Jace sighed. “How’s her oxygen saturation?”

“I’m not sure our monitor is picking up properly. It reads seventy.”

“She needs to be intubated, put on the ventilator.”

“I’m not sure she will survive the night. She is very afraid.”

“She’ll need a pressor drip. Does the hospital have dopamine?”

“Yes.”

“I still don’t understand. Why aren’t you calling the medicine doctor? I’m a surgeon.”

“I know, sir. But she came in asking for you. She said that she’s your patient.”

“My patient? There must be some mistake.”

“It’s no mistake, sir. She is from Kibera. A girl named Beatrice.”

12

The Kijabe Hospital casualty department was a sixty-by-twenty-foot rectangle filled with stretchers separated by old curtains. Jace found Beatrice Wanjiku on a stretcher, sitting bolt upright, sweat beading off her slick dark skin.

It took one look, a ten-second assessment of the ABCs—airway, breathing, circulation—and Jace knew she was in trouble. Life-threatening, in-your-face, I-can’t-get-my-breath trouble. In his time as a cardiothoracic surgeon, Jace had watched plenty of people who looked better than this go south and die in a hurry.

He looked at a nurse. “This patient needs to be intubated now. Do you have a crash cart somewhere?”

“It is just there,” she said, pointing to a wooden cart on wheels in the corner of the room.

He laid his stethoscope against Beatrice’s back and moved it up and down, listening to her shallow and labored breathing. To his intern, he said. “This is classic for wet rales. They go most of the way up her back.” He pointed to the veins in her neck. “Here,” he said, “she has jugular venous distention up to the angles of the jaw. You will not see a better example of heart failure.”

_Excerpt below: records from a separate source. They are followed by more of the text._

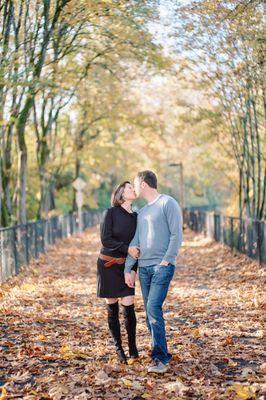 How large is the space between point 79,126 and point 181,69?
18332mm

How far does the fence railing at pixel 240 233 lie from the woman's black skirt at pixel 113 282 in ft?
32.0

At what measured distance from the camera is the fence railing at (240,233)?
55.6ft

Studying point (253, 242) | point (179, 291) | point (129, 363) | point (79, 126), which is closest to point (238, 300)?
point (179, 291)

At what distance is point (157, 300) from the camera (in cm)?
675

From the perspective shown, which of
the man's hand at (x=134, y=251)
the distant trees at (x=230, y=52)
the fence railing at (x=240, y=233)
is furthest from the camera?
the fence railing at (x=240, y=233)

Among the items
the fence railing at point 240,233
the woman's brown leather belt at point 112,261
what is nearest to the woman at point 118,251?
the woman's brown leather belt at point 112,261

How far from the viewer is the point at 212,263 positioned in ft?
65.0

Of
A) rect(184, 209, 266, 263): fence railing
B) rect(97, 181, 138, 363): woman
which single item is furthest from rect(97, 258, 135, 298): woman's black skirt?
rect(184, 209, 266, 263): fence railing

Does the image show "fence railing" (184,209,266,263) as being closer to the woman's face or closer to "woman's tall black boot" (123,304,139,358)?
"woman's tall black boot" (123,304,139,358)

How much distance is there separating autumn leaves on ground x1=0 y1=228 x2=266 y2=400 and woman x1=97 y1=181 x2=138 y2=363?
2.08 ft

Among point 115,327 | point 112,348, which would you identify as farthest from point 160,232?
point 112,348

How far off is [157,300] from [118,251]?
70cm

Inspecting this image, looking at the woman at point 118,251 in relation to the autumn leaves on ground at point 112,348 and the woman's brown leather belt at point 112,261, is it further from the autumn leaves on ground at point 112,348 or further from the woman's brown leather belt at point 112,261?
the autumn leaves on ground at point 112,348

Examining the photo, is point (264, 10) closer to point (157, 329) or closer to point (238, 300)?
point (238, 300) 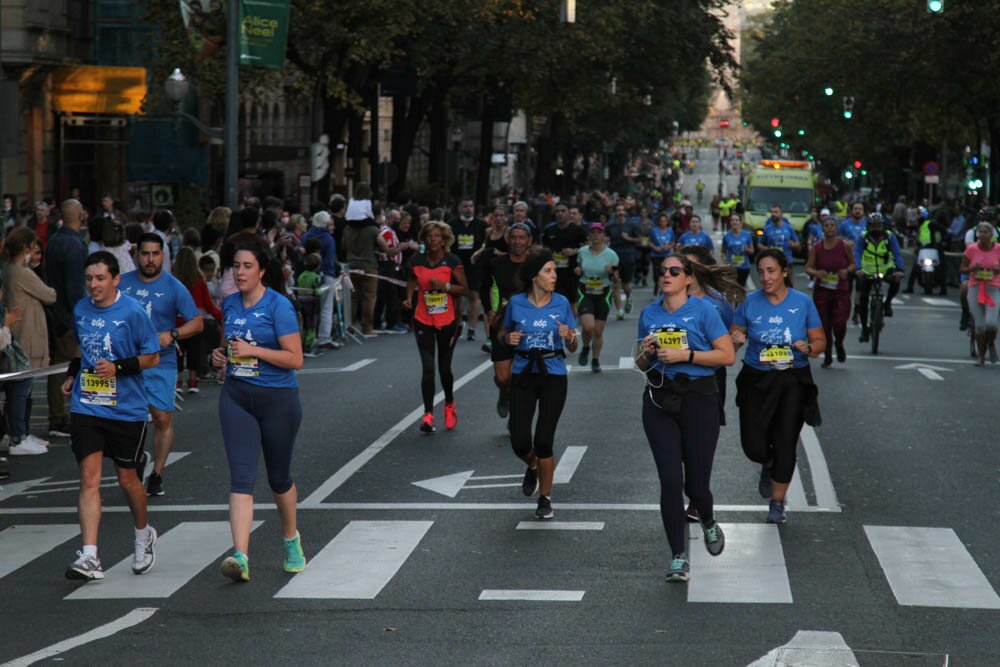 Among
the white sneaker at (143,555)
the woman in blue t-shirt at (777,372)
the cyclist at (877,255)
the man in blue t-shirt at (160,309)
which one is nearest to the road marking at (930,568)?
the woman in blue t-shirt at (777,372)

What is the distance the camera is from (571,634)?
27.4ft

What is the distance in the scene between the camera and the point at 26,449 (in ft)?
48.7

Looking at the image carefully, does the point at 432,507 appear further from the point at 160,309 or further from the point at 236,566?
the point at 236,566

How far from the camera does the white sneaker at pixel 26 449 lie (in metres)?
14.8

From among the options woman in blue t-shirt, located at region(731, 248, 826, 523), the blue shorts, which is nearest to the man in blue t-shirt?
the blue shorts

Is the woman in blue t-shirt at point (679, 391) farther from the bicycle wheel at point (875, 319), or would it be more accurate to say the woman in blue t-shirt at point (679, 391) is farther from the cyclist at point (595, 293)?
the bicycle wheel at point (875, 319)

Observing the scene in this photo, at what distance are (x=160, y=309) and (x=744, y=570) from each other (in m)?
4.25

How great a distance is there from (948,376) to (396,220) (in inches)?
385

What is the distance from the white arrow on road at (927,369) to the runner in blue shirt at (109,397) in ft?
43.0

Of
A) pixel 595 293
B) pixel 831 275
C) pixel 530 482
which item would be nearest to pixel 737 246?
pixel 831 275

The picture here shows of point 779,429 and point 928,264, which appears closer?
point 779,429

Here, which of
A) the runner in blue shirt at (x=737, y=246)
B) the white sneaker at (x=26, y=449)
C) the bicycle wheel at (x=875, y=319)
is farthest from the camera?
the runner in blue shirt at (x=737, y=246)

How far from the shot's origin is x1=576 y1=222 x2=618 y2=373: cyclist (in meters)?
20.9

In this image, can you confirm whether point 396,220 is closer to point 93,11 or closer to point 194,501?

Paul nodded. “I was able to start a small IV in her hand.”

“Give furosemide 80 mg. stat. We need to chip her out.”

Paul’s expression told Jace he didn’t understand.

“Sorry, I’m using slang. We need to cause her to get rid of extra fluid. We say that’s making her dry like a potato chip, so we say
chipping her out
.”

The nurse frowned.

Jace understood the dilemma. In Kenya, potato chips were called crisps. In Kenya, if you asked for potato chips, you’d get what Americans call fries. “Okay, we’ll call it
crisping her out
.”

Jace assembled supplies, preparing to slide a breathing tube down into his patient’s trachea. That way, when breathing became too hard for her, the machine could do the work. From the looks of his patient, he didn’t have much time.

Jace looked at the nurse again. “I’ll need some sedative. Do you have Versed and fentanyl?”

“I will bring them.”

Jace stood beside his patient and explained, “You are wearing out, Beatrice. You will die soon if we can’t support your breathing.”

Her eyes widened. “Help me,” she whispered.

“I’m going to give you something to relax you. You won’t remember.”

Jace instructed the intern, gave the IV medication, and placed a mask over the patient’s mouth. He used an inflatable bag known as an Ambu bag to push oxygen into his patient’s lungs. Then, after the patient was no longer fighting, he slid a metal laryngoscope blade into her mouth, pushing the tongue to the side. He stood by his intern at the head of the bed, staring down through the patient’s open mouth toward her feet. “There,” he said, “can you see the vocal cords? Slide the end of the tube through there.”

Paul slid the tube into place and inflated a balloon-cuff to keep air from escaping around the tube. “I’m in.”

“Good job. Let’s get her up to the HDU. Call the medicine doctor. I want all the help we can get to stabilize her.”

 

The next morning, it took two hours of phone calls to finally get the Honorable John Okombo on the phone.

Jace looked at his watch. “Thank you for taking time to speak to me.”

“Dr. Rawlings, my pleasure.”

“Did you know that Beatrice was admitted to Kijabe Hospital last night?”

He heard a faint “Excuse me” and the cessation of background noise. He imagined the MP was stepping away from the ears of others at the mention of his secret daughter. After a moment, Jace heard Minister Okombo’s strong bass voice spoken just above a whisper. “I was unaware. How is she?”